REQUIRED WORK »
Starting with the line that has "Стол обеденный Prestol" in the records below and stopping after the line that has "Poster a detailed", output every line exactly and nothing else; skip pictures.

ENTRIES SHOWN »
──────────────────────────────

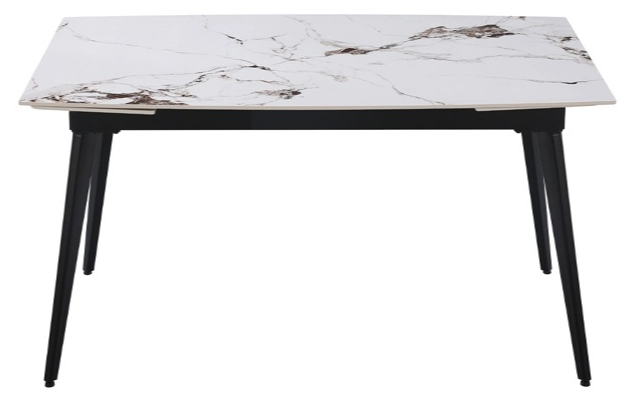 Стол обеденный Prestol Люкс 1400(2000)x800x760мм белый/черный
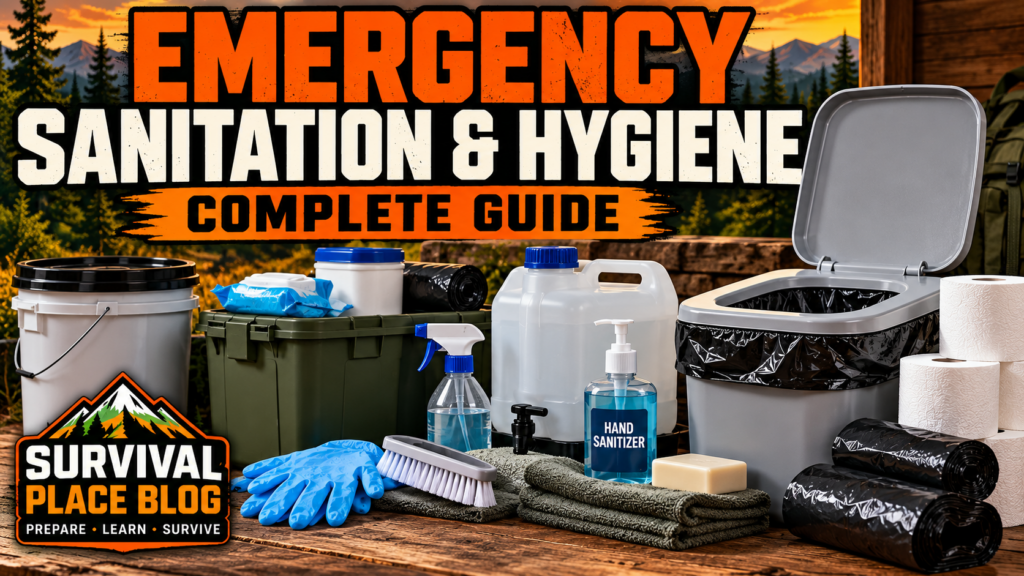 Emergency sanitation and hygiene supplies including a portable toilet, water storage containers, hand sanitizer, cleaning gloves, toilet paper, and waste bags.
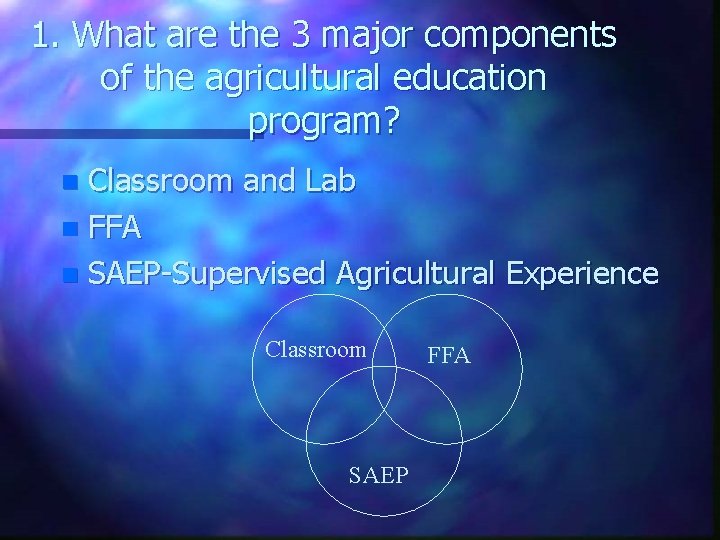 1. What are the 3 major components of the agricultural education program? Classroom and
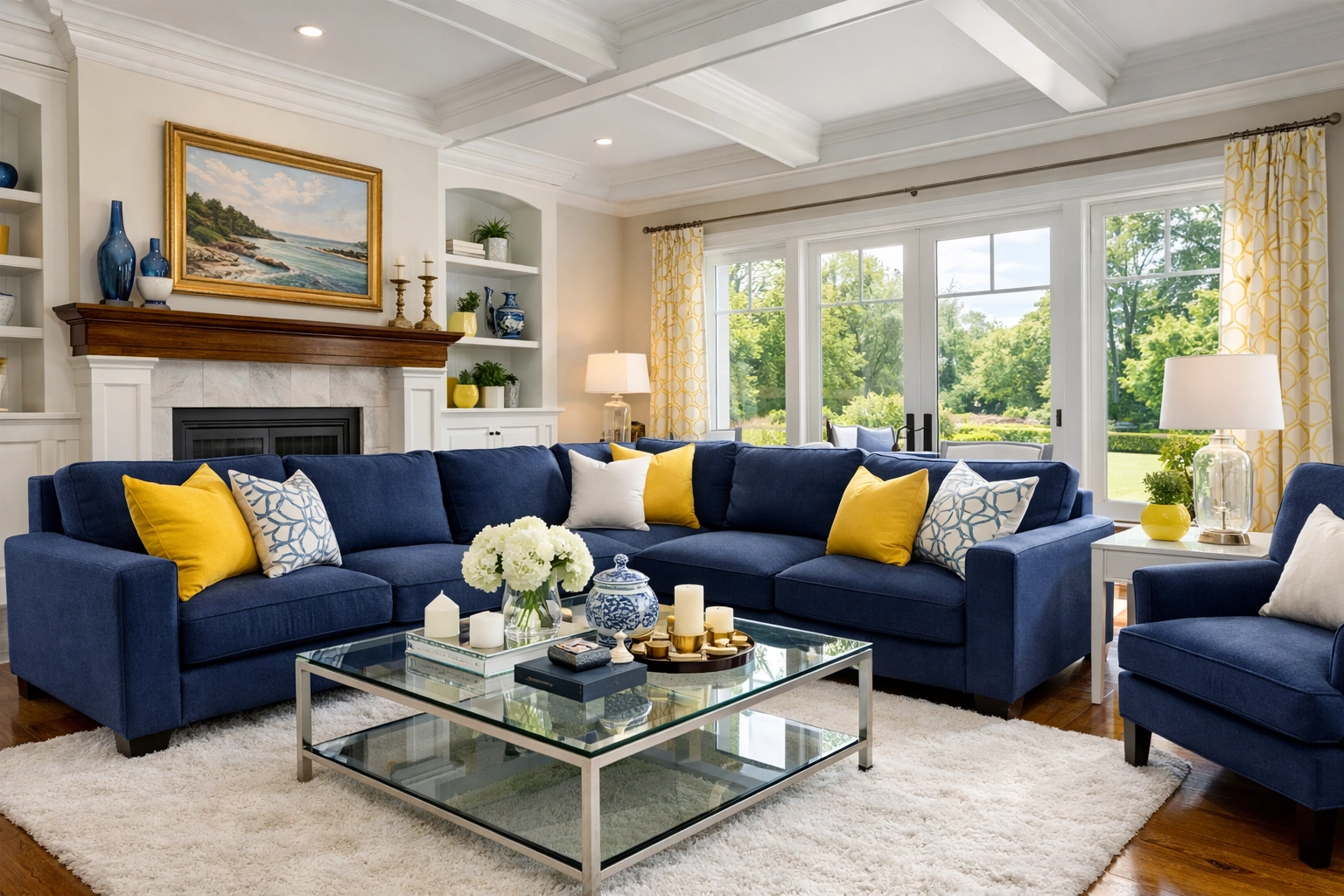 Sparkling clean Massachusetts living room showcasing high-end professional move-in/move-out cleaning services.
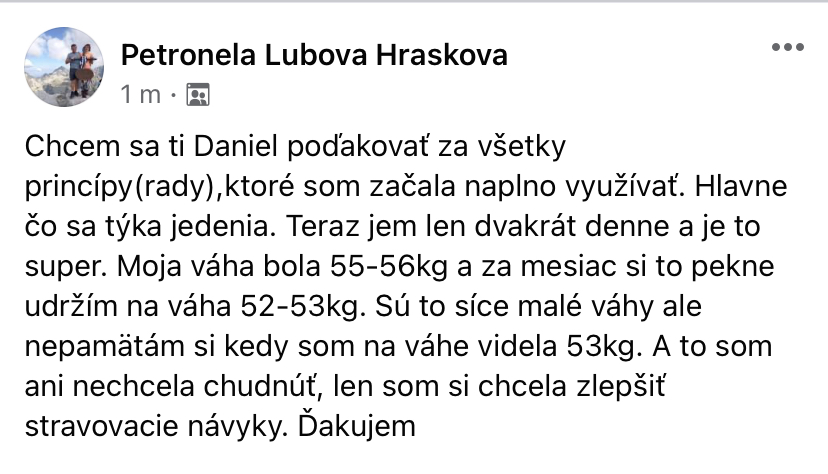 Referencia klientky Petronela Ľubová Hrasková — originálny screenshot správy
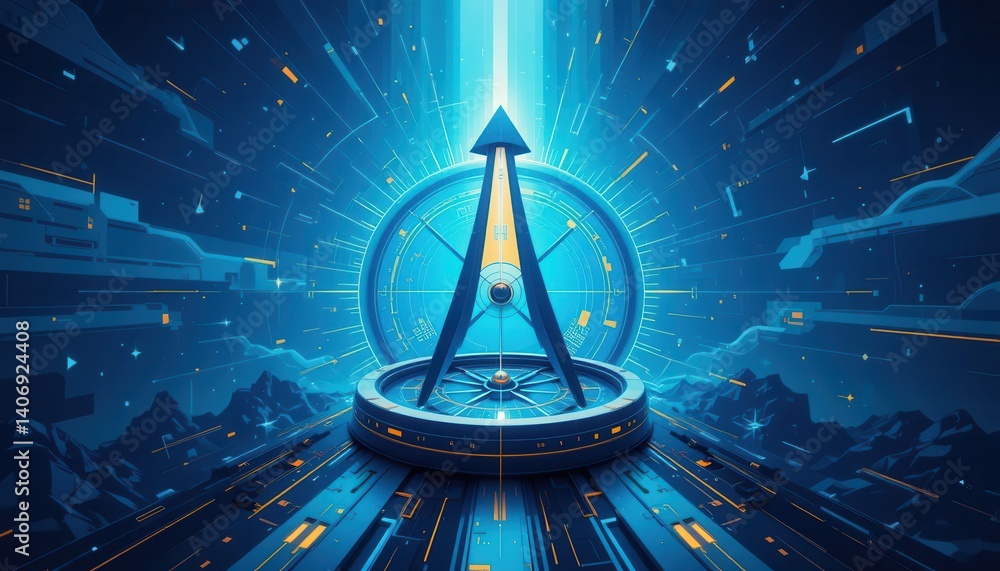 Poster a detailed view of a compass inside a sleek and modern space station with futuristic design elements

──────────────────────────────

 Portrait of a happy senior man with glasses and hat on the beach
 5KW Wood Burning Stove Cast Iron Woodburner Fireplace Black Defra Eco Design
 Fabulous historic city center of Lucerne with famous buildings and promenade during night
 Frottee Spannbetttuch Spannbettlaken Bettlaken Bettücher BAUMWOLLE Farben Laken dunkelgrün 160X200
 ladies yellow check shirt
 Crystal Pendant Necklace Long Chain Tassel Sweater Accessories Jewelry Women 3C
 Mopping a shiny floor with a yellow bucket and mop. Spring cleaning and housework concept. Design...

──────────────────────────────

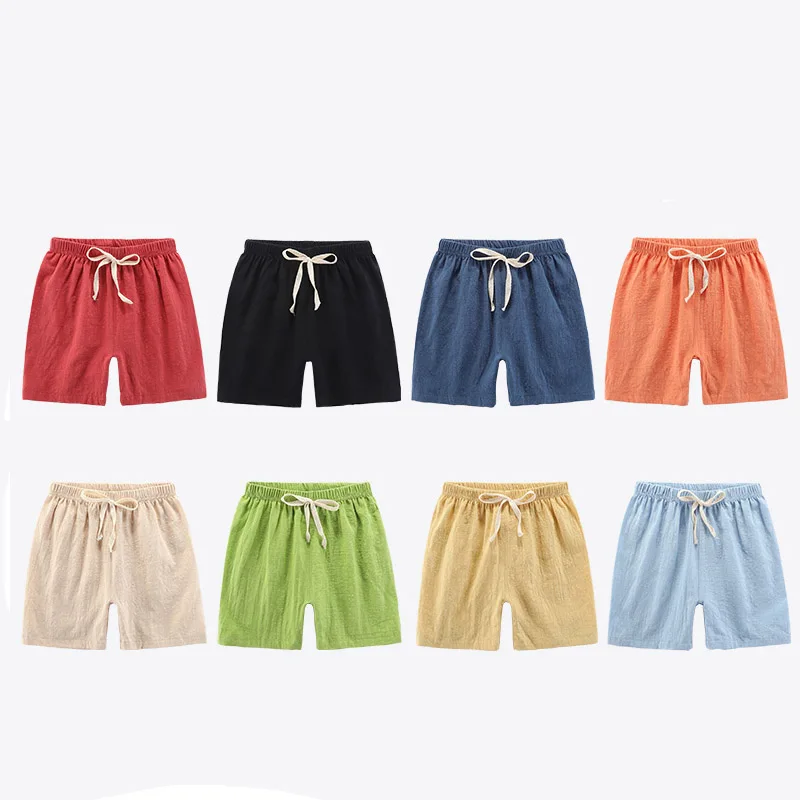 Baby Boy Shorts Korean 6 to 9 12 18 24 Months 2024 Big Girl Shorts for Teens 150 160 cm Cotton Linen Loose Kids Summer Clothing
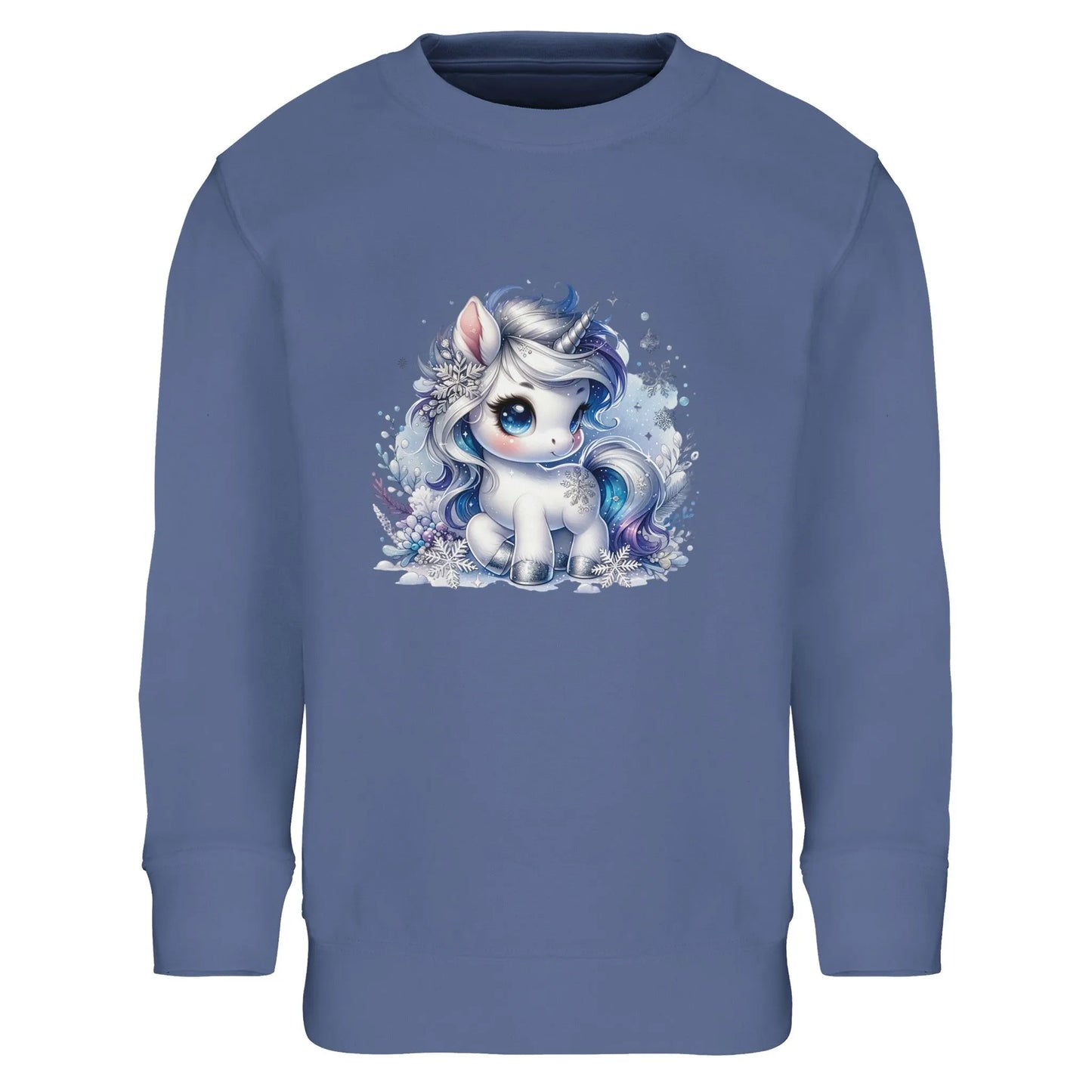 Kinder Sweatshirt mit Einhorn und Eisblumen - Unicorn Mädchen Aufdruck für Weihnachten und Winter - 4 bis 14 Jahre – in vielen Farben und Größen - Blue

──────────────────────────────

RESPONSE TO THIS TASK »
 Стол обеденный Prestol Люкс 1400(2000)x800x760мм белый/черный
 Emergency sanitation and hygiene supplies including a portable toilet, water storage containers, hand sanitizer, cleaning gloves, toilet paper, and waste bags.
 1. What are the 3 major components of the agricultural education program? Classroom and
 Sparkling clean Massachusetts living room showcasing high-end professional move-in/move-out cleaning services.
 Referencia klientky Petronela Ľubová Hrasková — originálny screenshot správy
 Poster a detailed view of a compass inside a sleek and modern space station with futuristic design elements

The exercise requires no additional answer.